Department of Conservative Dentistry and Periodontology, Ludwig-Maximilians-University of Munich, Munich, Germany.
Int J Paediatr Dent. 2013 Mar;23(2):116-24. doi: 10.1111/j.1365-263X.2012.01233.x. Epub 2012 Mar 2.
This epidemiological study aimed to compare the caries experience in 10-year-olds with and without molar incisor hypomineralisation (MIH).
About 693 children from an ongoing birth cohort study (GINIplus10) were examined for caries lesions to determine the DMF index. Furthermore, enamel hypomineralisation (EH) was scored on all permanent teeth/surfaces, according to the criteria of the European Academy of Paediatric Dentistry. Children with EH were categorised into those with a minimum of one EH in the permanent dentition (MIH/1), with EH on at least one-first permanent molar (MIH/1A), on at least one-first permanent molar and permanent incisor (MIH/1B), and on other permanent teeth (MIH/1C).

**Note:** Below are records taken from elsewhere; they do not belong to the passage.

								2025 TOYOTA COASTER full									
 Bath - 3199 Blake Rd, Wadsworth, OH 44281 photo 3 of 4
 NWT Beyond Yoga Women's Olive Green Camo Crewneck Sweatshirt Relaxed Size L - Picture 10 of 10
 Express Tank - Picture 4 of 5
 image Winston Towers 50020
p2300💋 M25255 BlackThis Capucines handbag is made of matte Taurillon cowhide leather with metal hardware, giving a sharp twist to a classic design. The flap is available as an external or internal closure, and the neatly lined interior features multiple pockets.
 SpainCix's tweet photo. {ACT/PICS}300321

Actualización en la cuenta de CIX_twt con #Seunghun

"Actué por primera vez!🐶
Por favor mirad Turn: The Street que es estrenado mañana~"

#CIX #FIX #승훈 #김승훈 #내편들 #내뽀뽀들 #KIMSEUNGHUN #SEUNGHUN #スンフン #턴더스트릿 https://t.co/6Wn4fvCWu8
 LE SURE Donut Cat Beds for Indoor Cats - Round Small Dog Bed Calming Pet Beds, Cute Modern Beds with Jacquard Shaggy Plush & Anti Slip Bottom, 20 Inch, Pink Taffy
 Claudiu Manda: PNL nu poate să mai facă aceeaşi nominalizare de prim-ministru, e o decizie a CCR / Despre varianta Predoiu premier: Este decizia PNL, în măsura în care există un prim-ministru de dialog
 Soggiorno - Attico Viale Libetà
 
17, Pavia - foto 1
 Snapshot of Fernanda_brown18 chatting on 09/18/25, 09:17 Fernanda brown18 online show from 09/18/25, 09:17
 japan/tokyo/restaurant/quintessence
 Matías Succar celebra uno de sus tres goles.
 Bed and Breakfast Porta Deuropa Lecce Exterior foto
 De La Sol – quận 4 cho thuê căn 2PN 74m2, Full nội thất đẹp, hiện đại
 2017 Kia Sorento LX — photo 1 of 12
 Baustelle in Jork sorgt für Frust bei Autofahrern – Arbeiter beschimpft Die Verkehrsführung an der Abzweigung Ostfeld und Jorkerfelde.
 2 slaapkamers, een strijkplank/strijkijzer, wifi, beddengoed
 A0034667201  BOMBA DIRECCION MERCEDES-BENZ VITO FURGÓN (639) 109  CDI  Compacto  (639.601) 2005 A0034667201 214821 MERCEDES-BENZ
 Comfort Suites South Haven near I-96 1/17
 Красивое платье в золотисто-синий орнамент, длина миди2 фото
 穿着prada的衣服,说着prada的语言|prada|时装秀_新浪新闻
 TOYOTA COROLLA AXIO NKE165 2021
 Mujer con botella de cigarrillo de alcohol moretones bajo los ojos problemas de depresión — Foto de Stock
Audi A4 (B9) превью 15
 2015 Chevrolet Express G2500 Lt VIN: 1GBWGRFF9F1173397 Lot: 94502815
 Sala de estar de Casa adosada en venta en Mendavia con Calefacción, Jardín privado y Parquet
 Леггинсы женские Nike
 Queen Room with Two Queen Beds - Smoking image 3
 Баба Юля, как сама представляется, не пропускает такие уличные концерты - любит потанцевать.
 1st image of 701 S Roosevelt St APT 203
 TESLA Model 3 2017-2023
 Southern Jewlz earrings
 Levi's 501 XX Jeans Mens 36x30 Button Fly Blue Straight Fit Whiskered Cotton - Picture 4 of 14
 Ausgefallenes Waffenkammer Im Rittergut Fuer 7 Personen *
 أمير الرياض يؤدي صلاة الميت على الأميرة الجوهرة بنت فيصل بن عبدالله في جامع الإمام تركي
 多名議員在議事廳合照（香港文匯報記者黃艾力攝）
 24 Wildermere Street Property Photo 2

The mean caries experience was 0.4 (SD 0.9) DMFT. Existence of MIH/1, MIH/1A, MIH/1B, and MIH/1C was determined in 36.5%, 14.7%, 9.4%, and 21.8% of all children. The corresponding DMFT values were the following: no MIH: 0.3 (SD 0.8); MIH/1: 0.5 (SD 0.9); MIH/1A: 0.5 (SD 0.9); MIH/1B: 0.4 (SD 0.9); and MIH/1C: 0.4 (SD 0.9) DMFT. No significant differences were found between all groups.
There was no relationship between the presence of EH/MIH and caries in 10-year-olds. A ratio of one EH-associated defect to two caries lesions indicates that both conditions are prevalent and influence the oral health status of 10-year-old children from Munich, Germany.
本流行病学研究旨在比较伴有和不伴有磨牙切牙矿化不全(MIH)的 10 岁儿童的龋齿发病情况。
在一项正在进行的出生队列研究(GINIplus10)中,约 693 名儿童接受了龋齿病变检查,以确定 DMF 指数。此外,根据欧洲儿童牙科学会的标准,对所有恒牙/表面的釉质矿化不全(EH)进行评分。将患有 EH 的儿童分为以下几类:恒牙列中至少有一个 EH(MIH/1),至少有一个第一恒磨牙(MIH/1A)、至少有一个第一恒磨牙和恒切牙(MIH/1B)、以及至少有一个其他恒牙(MIH/1C)上有 EH。
平均龋齿发病情况为 0.4(标准差 0.9)DMFT。在所有儿童中,36.5%、14.7%、9.4%和 21.8%存在 MIH/1、MIH/1A、MIH/1B 和 MIH/1C。相应的 DMFT 值如下:无 MIH:0.3(标准差 0.8);MIH/1:0.5(标准差 0.9);MIH/1A:0.5(标准差 0.9);MIH/1B:0.4(标准差 0.9);MIH/1C:0.4(标准差 0.9)DMFT。所有组之间均未发现显著差异。
EH/MIH 的存在与 10 岁儿童的龋齿之间没有关系。一个 EH 相关缺陷与两个龋齿病变的比例表明,这两种情况都很普遍,影响了德国慕尼黑 10 岁儿童的口腔健康状况。